## Problem statement
Beginning with the line that contains "Gower Handbook of Quality Management", repeat each line exactly through the end of the listing below. Pictures stay out.

-- Opening Marker --

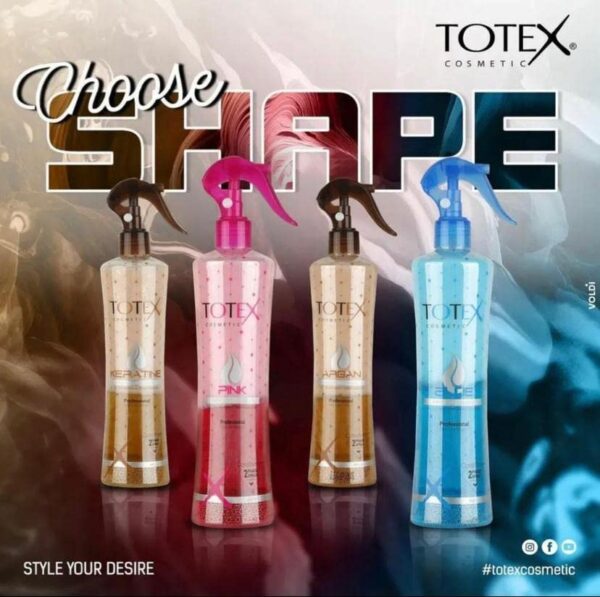 Totex 2 Phase Hair Conditioner Spray Leave-in Conditioning Hair For Damaged Hair Formula Untangling, Nourishing, Moisturizing Blue 400 ml - Image 4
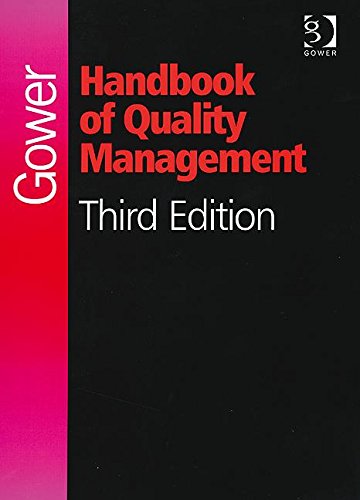Gower Handbook of Quality Management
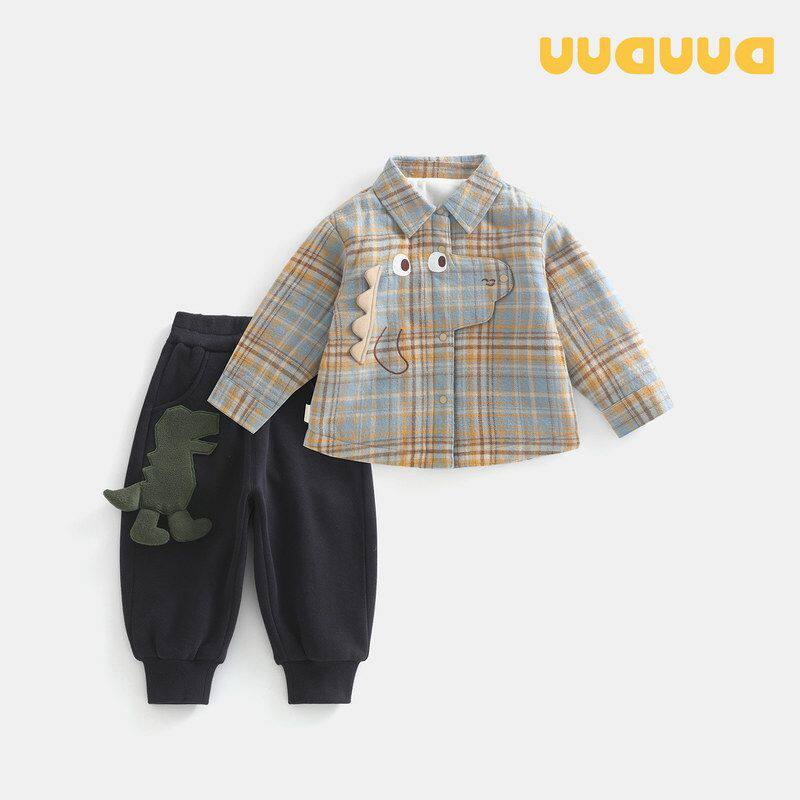 分体宝宝风秋冬季新儿童服装加绒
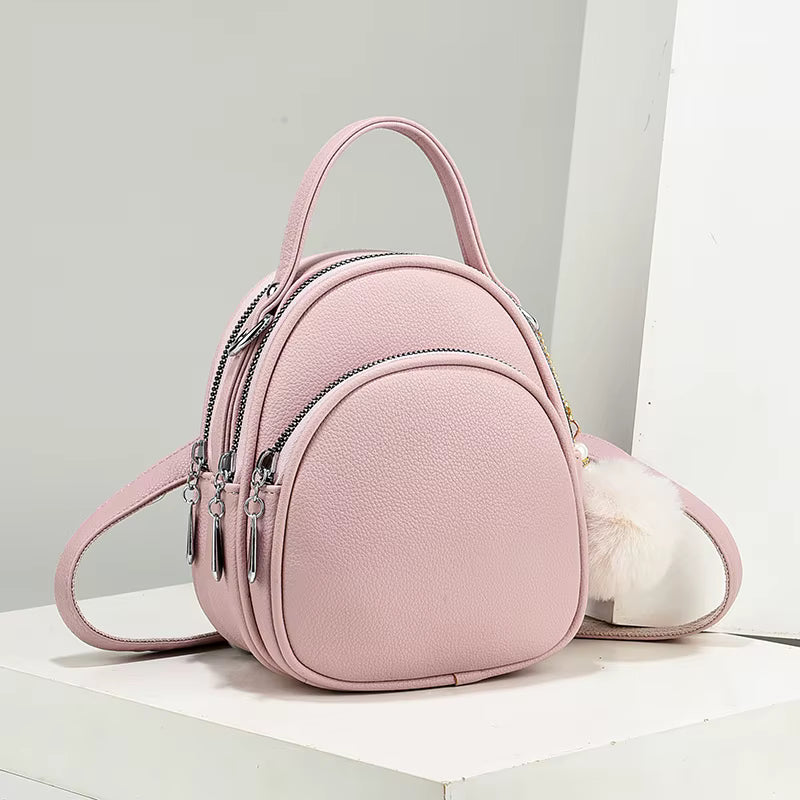 Mini Crossbody Handbag - Waterproof Faux Leather Shoulder Bag for Women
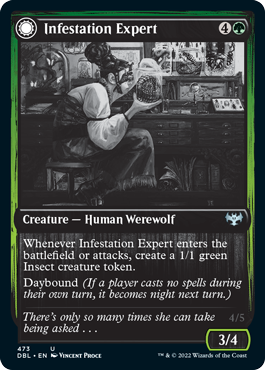 Infestation Expert // Infested Werewolf [Innistrad: Double Feature] | Play N Trade Winnipeg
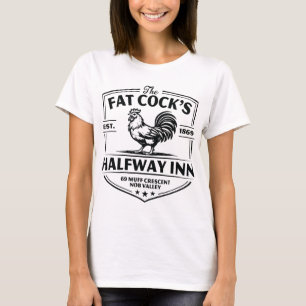T-shirt Blague d'adulte drôle Jeu de mots Innuendo Fat s H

-- Closing Marker --

## Answer
Gower Handbook of Quality Management
 分体宝宝风秋冬季新儿童服装加绒
 Mini Crossbody Handbag - Waterproof Faux Leather Shoulder Bag for Women
 Infestation Expert // Infested Werewolf [Innistrad: Double Feature] | Play N Trade Winnipeg
T-shirt Blague d'adulte drôle Jeu de mots Innuendo Fat s H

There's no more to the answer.